[Saved entries]

Segment Open

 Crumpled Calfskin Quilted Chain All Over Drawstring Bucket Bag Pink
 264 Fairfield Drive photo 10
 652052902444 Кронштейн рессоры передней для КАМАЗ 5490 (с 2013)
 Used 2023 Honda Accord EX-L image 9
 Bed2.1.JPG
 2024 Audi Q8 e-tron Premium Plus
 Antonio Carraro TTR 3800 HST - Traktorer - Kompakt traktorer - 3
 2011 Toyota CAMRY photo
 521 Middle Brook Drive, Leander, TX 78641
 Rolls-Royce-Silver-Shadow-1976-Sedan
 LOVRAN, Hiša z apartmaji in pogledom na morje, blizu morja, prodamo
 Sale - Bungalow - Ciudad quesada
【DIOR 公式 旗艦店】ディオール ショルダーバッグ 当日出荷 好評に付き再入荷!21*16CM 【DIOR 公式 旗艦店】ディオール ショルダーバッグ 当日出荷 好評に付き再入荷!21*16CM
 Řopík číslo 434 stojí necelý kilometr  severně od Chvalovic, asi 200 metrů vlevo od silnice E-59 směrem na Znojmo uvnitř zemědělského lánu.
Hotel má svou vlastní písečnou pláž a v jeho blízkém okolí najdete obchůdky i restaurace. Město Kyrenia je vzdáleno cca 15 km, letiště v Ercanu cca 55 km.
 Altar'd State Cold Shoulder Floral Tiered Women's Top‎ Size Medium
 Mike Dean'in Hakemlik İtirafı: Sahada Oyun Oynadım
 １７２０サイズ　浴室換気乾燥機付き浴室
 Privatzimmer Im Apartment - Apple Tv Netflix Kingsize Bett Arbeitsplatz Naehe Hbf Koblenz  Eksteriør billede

Segment Closed

TASK DETAILS ▸
Could you retype exactly the lines above, starting at the line that contains "Rolls-Royce-Silver-Shadow-1976-Sedan" and ending at the line that contains "Mike Dean'in Hakemlik", and nothing more?

RESULT ▸
 Rolls-Royce-Silver-Shadow-1976-Sedan
 LOVRAN, Hiša z apartmaji in pogledom na morje, blizu morja, prodamo
 Sale - Bungalow - Ciudad quesada
【DIOR 公式 旗艦店】ディオール ショルダーバッグ 当日出荷 好評に付き再入荷!21*16CM 【DIOR 公式 旗艦店】ディオール ショルダーバッグ 当日出荷 好評に付き再入荷!21*16CM
 Řopík číslo 434 stojí necelý kilometr  severně od Chvalovic, asi 200 metrů vlevo od silnice E-59 směrem na Znojmo uvnitř zemědělského lánu.
Hotel má svou vlastní písečnou pláž a v jeho blízkém okolí najdete obchůdky i restaurace. Město Kyrenia je vzdáleno cca 15 km, letiště v Ercanu cca 55 km.
 Altar'd State Cold Shoulder Floral Tiered Women's Top‎ Size Medium
 Mike Dean'in Hakemlik İtirafı: Sahada Oyun Oynadım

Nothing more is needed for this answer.